Department of Clinical Genetics, Odense University Hospital, Odence C, Denmark.
Department of Human Genetics, Leiden University Medical Center, Leiden, the Netherlands.
Hum Mutat. 2022 Dec;43(12):1921-1944. doi: 10.1002/humu.24449. Epub 2022 Oct 23.
Skipping of BRCA2 exon 3 (∆E3) is a naturally occurring splicing event, complicating clinical classification of variants that may alter ∆E3 expression. This study used multiple evidence types to assess pathogenicity of 85 variants in/near BRCA2 exon 3. Bioinformatically predicted spliceogenic variants underwent mRNA splicing analysis using minigenes and/or patient samples. ∆E3 was measured using quantitative analysis. A mouse embryonic stem cell (mESC) based assay was used to determine the impact of 18 variants on mRNA splicing and protein function. For each variant, population frequency, bioinformatic predictions, clinical data, and existing mRNA splicing and functional results were collated. Variant class was assigned using a gene-specific adaptation of ACMG/AMP guidelines, following a recently proposed points-based system. mRNA and mESC analysis combined identified six variants with transcript and/or functional profiles interpreted as loss of function.

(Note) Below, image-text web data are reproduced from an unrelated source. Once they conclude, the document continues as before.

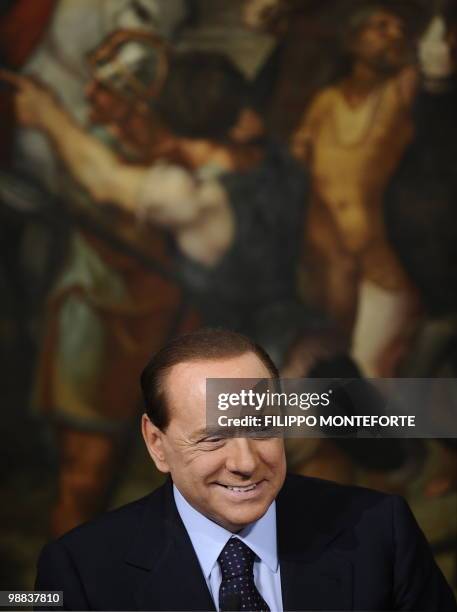 Italian Prime minister Silvio Berlusconi attends a joint press conference with the head of the Italian Civil Protection Guido Bertolaso and General...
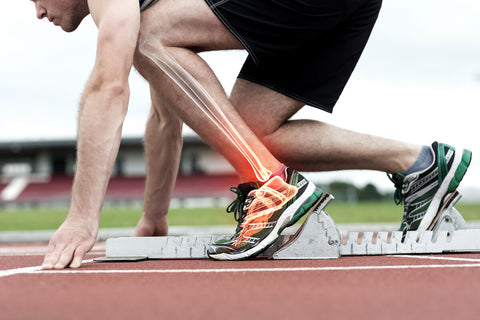Image showing a runner in the sprint position and illustrating in the leg where one would feel symptoms or pain from plantar fasciitis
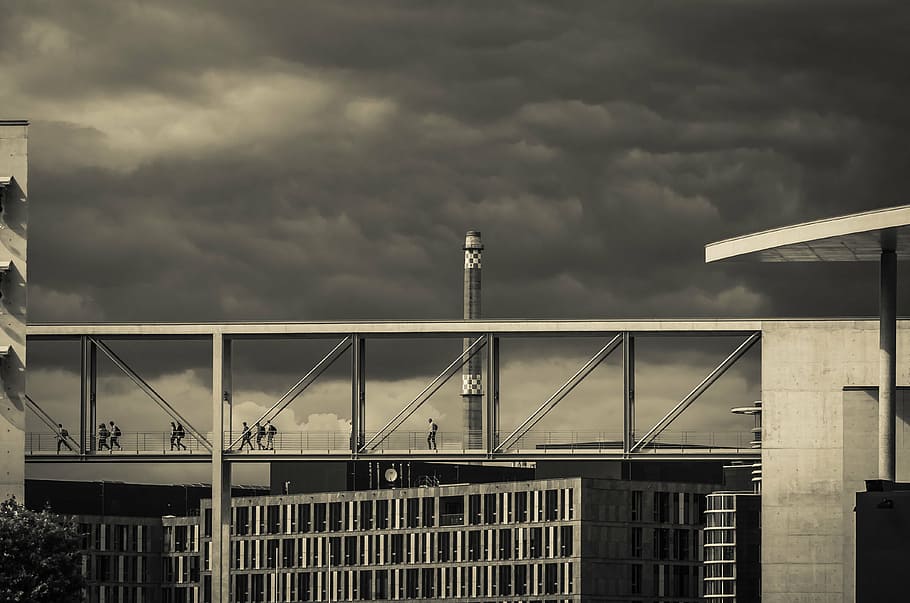 grayscale photography of people crossing on bridge between buildings HD wallpaper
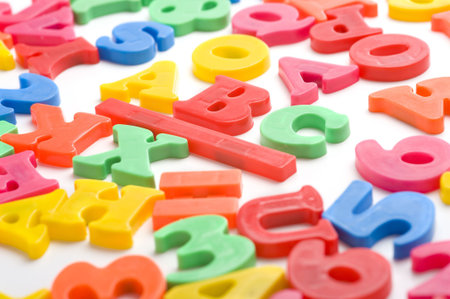 A group of colorful plastic alphabet letter magnets on a white background, focus is on the B in ABC.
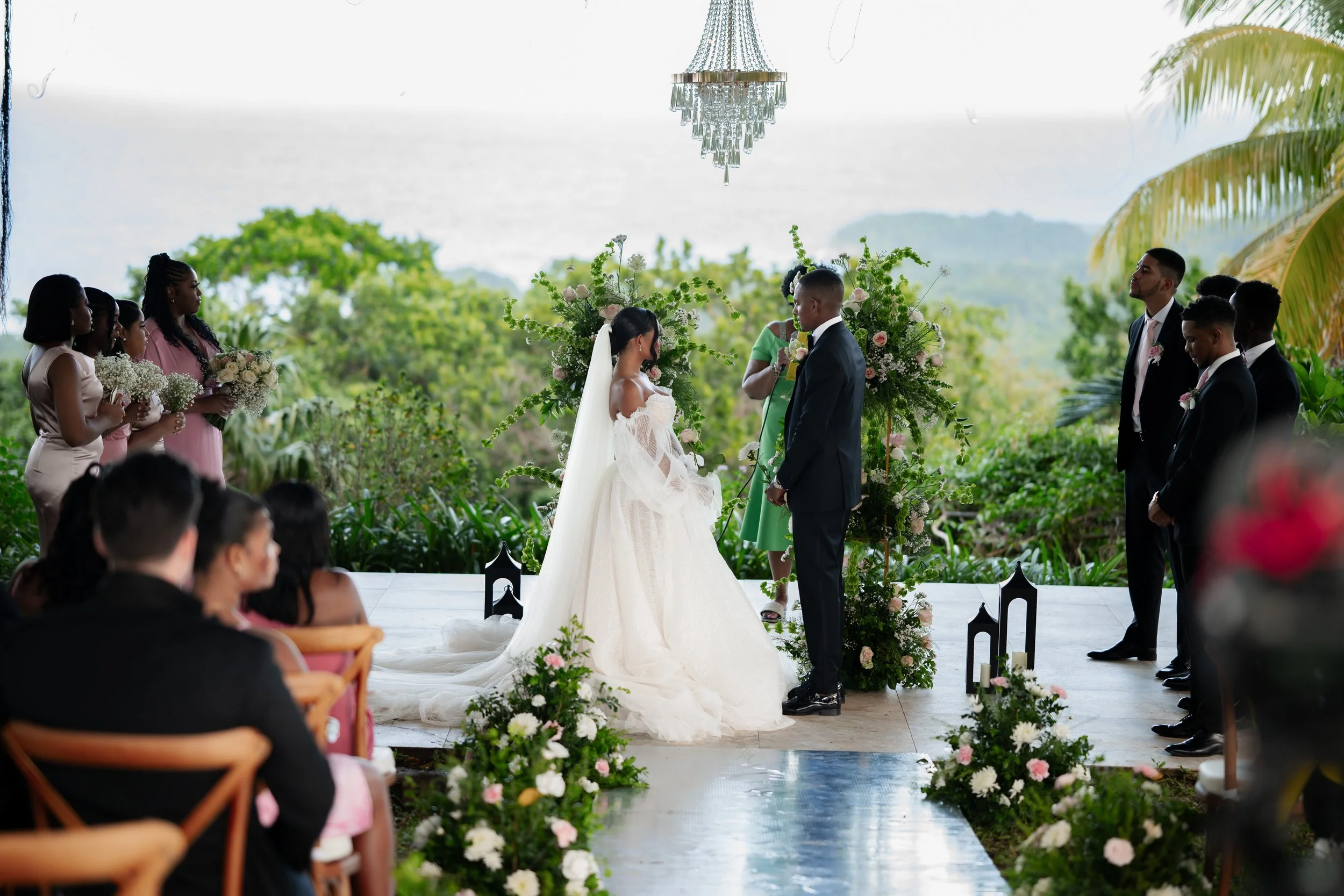 A wedding ceremony taking place outdoors with a bride and groom standing facing each other, surrounded by floral arrangements. Bridesmaids and groomsmen are standing on either side, with lush greenery and trees in the background and a chandelier hang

Cryptic splice site use for acceptor site variants generated a transcript encoding a shorter protein that retains activity. Overall, 69/85 (81%) variants were classified using the points-based approach. Our analysis shows the value of applying gene-specific ACMG/AMP guidelines using a points-based approach and highlights the consideration of cryptic splice site usage to appropriately assign PVS1 code strength.
BRCA2 外显子 3(∆E3)的跳跃是一种自然发生的剪接事件,使可能改变 ∆E3 表达的变体的临床分类复杂化。本研究使用多种证据类型来评估 85 个 BRCA2 外显子 3 内/附近变体的致病性。生物信息学预测的剪接变体使用微基因和/或患者样本进行 mRNA 剪接分析。使用定量分析测量 ∆E3。使用基于小鼠胚胎干细胞(mESC)的测定来确定 18 个变体对 mRNA 剪接和蛋白功能的影响。对于每个变体,都整理了群体频率、生物信息学预测、临床数据以及现有的 mRNA 剪接和功能结果。使用 ACMG/AMP 指南的基因特异性适应性,并遵循最近提出的基于点数的系统,为每个变体分配变体类别。mRNA 和 mESC 分析联合鉴定了六个具有转录和/或功能特征的变体,这些特征被解释为功能丧失。供体位点变体的隐蔽剪接位点使用产生编码保留活性的较短蛋白的转录本。总体而言,使用基于点数的方法对 85 个变体中的 69 个(81%)进行了分类。我们的分析表明,使用基于点数的方法应用基因特异性 ACMG/AMP 指南的价值,并强调考虑隐蔽剪接位点的使用,以正确分配 PVS1 代码强度。